Maurice enseignait le français au Congo. C’était à l’époque funeste où les valeurs du pays fuyaient l’atmosphère mortifère, charognarde de PapDoc. Pour un devoir de français mal ficelé, Maurice avait collé une très mauvaise note (1 sur 10) à l’un de ses élèves. Or, ce dernier était conscient d’avoir “très bien travaillé”. Roulant ses r à l’africaine, il interpella Sixto: «Monsieur le prrrofesseur, je ne comprrrends rrrien, vous m’avez collé une mauvaise note, pourrrtant j’ai trrrès bien trrravaillé. Oui, à parrrrt cela, perrrmettez que je vous dise que tous les mots que j’ai utilisés sont dans le dictionnairrre!!! Y en a qui ont de l’audace…

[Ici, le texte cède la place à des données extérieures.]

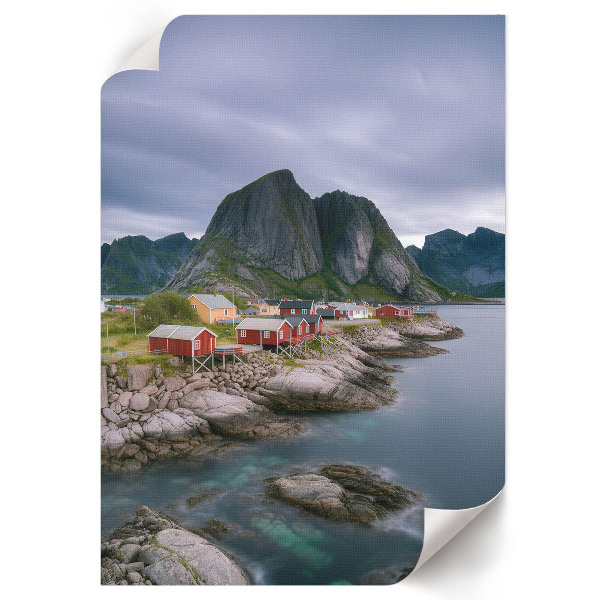 Decorative poster featuring a mountain landscape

Or, contrairement à l’élève de Maurice, les mots que Fanfan aurait voulu  utiliser pour remercier les camarades et amis à l’occasion d’un geste aussi touchant à son endroit «ne sont pas dans le dictionnairrre, ni le Littré, ni le Larousse, ni le Robert », comme il a eu à le dire. Il a donc eu recours au grand dictionnairrre de la solidarité, de la camaraderie, de l’amitié, de la générosité, de la fraternité, de l’affection, de la cordialité, d’un bel humanisme, d’une militante sollicitude à son endroit. Un dictionnairrre sui generis créé pour la circonstance, sur le champ, spontanément, de connivence avec le meilleur de notre humanité, le meilleur de l’âme humaine dont chaque camarade présent pouvait se revendiquer. Là, Fanfan a trouvé tous les mots de remerciement dont il avait besoin et qui ont été exprimés à travers la magie et la chaleur d’une abondante ferveur reconnaissante.

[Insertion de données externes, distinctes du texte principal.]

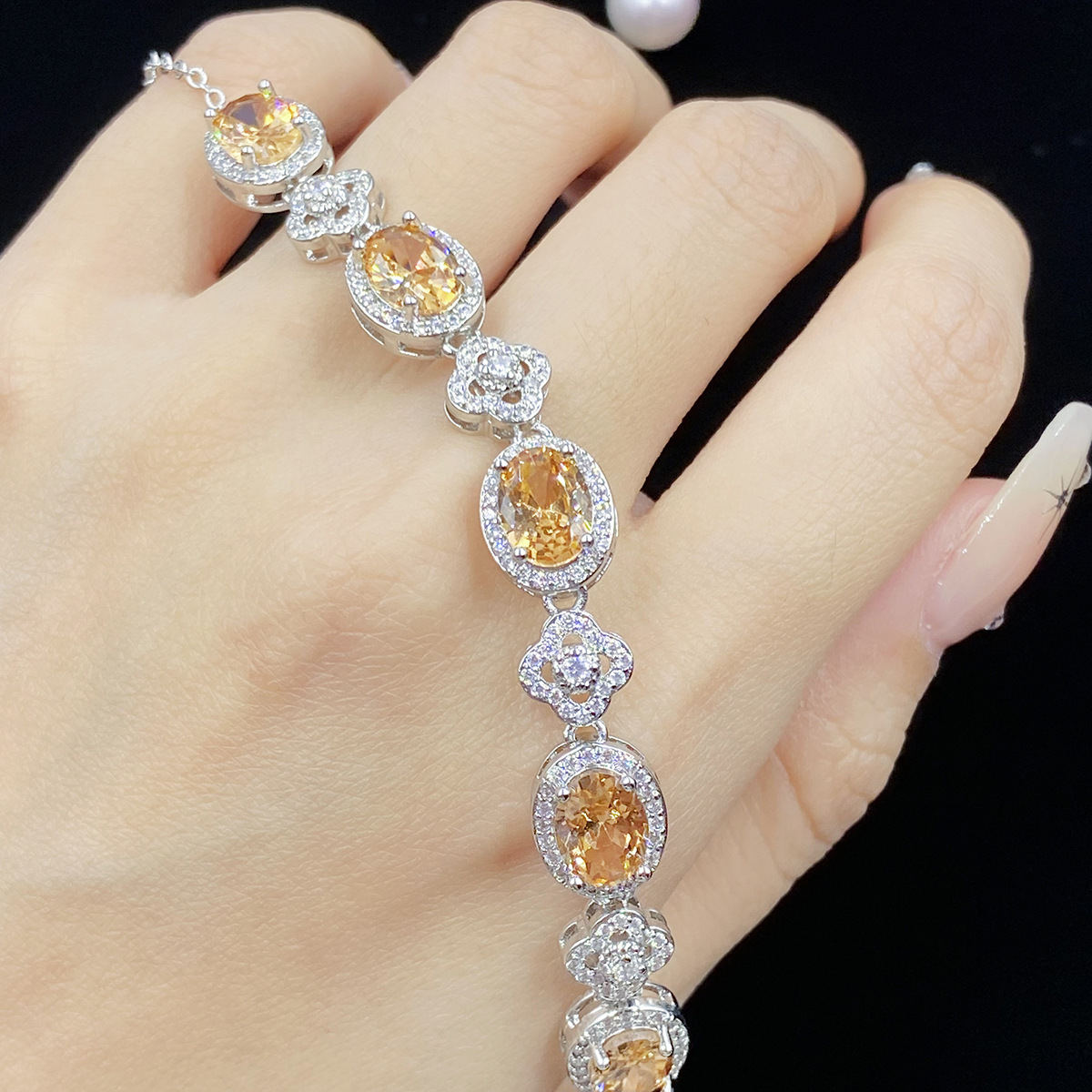 Girl Jewelry Champagne Zircon Full Diamond Imitation Mosan Platinum Plated Bracelet women Party Jewelry Birthday Gift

Cette soirée d’hommage à Fanfan a pris fin avec un délicieux buffet, reflet de la bonne cuisine haïtienne. Merci à ces dames qui ont préparé les mets. Les convives se sont régalés avec appétit entre kozman, ti pale, ti bwason, blagues, lodyans, rires et autres manifestations de joie et de satisfaction pour une soirée nettement réussie. Même, l’ambiance musicale konpa était assez gaie et entraînante que Fanfan n’a pas pu résister à la tentation de “faire un rond”, de semer quelques pas, ce à quoi Jocelyne Gay, invitée à la danse, s’est joyeusement prêtée. Ah! On dit que les capables ne souffrent pas…ce n’est pas du mentir, c’est bien vrai.

Fanfan m’avait confié la tâche de remercier, chaudement, en son nom, tout le monde à la ronde badette. Voilà, mission remerciante accomplie. Finie la dédoublure, me revoici Fanfan La Tulipe.